The pictures stay out. Please retype every line below exactly.

RAW DATA -
—————

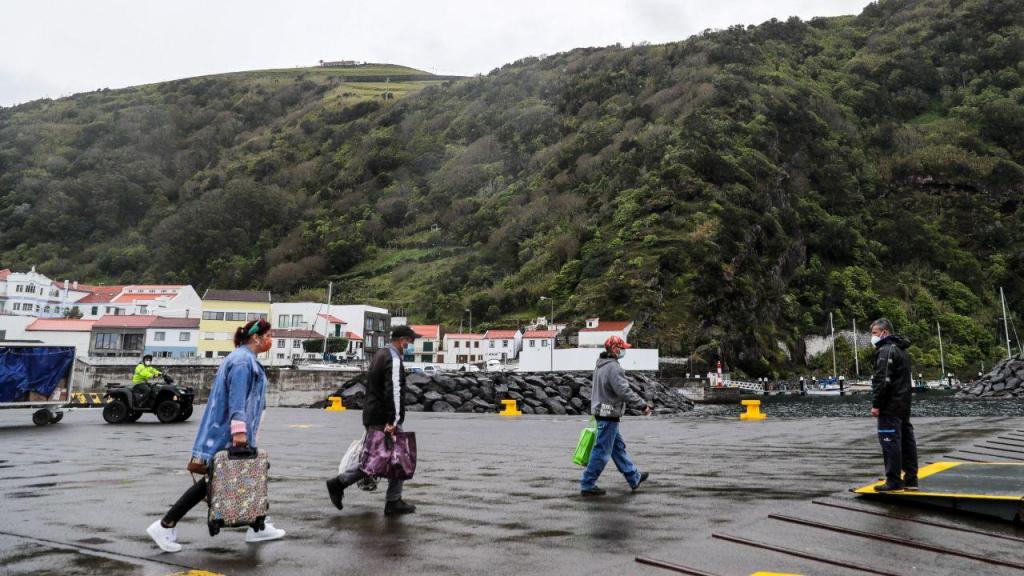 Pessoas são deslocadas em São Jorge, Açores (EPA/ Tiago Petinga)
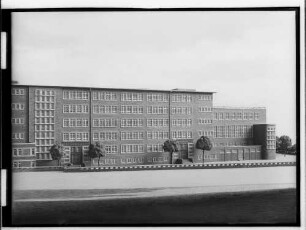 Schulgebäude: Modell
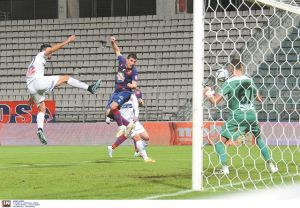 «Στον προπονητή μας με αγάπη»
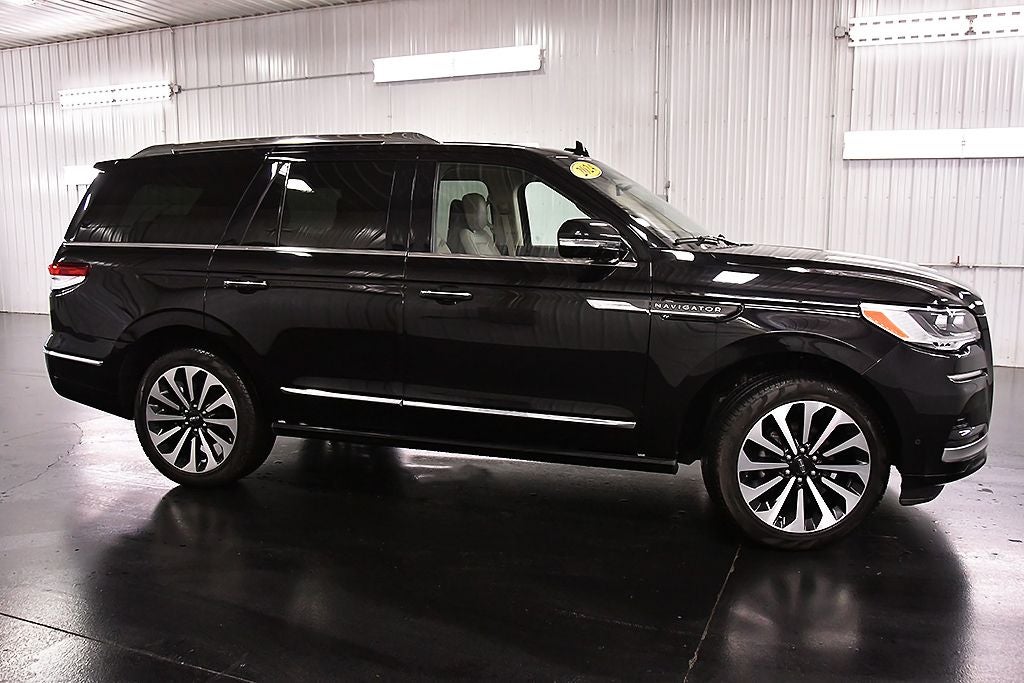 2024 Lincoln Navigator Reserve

—————

EXERCISE ANSWER -
 Pessoas são deslocadas em São Jorge, Açores (EPA/ Tiago Petinga)
 Schulgebäude: Modell
 «Στον προπονητή μας με αγάπη»
 2024 Lincoln Navigator Reserve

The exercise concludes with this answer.